------ Dataset extract

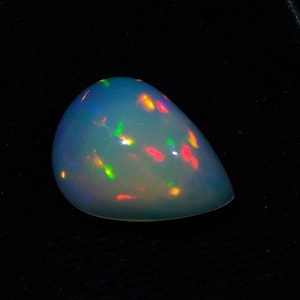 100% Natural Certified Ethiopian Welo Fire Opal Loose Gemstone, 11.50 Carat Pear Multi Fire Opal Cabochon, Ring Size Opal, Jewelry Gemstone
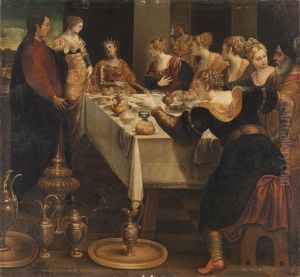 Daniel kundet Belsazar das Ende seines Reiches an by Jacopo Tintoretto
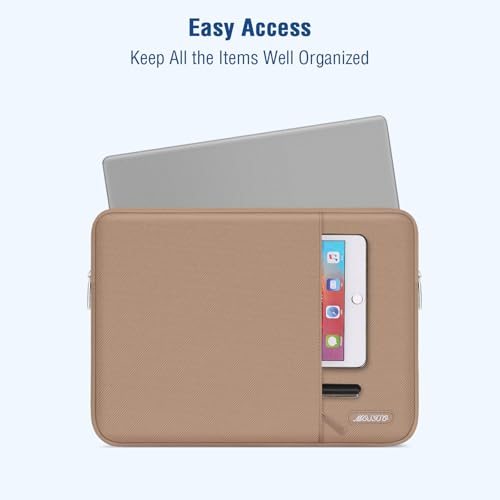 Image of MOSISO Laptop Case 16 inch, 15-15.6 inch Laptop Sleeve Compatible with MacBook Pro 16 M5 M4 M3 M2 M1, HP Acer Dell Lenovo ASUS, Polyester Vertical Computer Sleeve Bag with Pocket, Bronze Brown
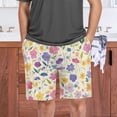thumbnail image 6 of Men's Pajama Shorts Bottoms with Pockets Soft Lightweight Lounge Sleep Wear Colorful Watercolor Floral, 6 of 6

------------

→ Task to carry out: Every line above should be printed again word for word, without its pictures.

→ Your response:
 100% Natural Certified Ethiopian Welo Fire Opal Loose Gemstone, 11.50 Carat Pear Multi Fire Opal Cabochon, Ring Size Opal, Jewelry Gemstone
 Daniel kundet Belsazar das Ende seines Reiches an by Jacopo Tintoretto
 Image of MOSISO Laptop Case 16 inch, 15-15.6 inch Laptop Sleeve Compatible with MacBook Pro 16 M5 M4 M3 M2 M1, HP Acer Dell Lenovo ASUS, Polyester Vertical Computer Sleeve Bag with Pocket, Bronze Brown
thumbnail image 6 of Men's Pajama Shorts Bottoms with Pockets Soft Lightweight Lounge Sleep Wear Colorful Watercolor Floral, 6 of 6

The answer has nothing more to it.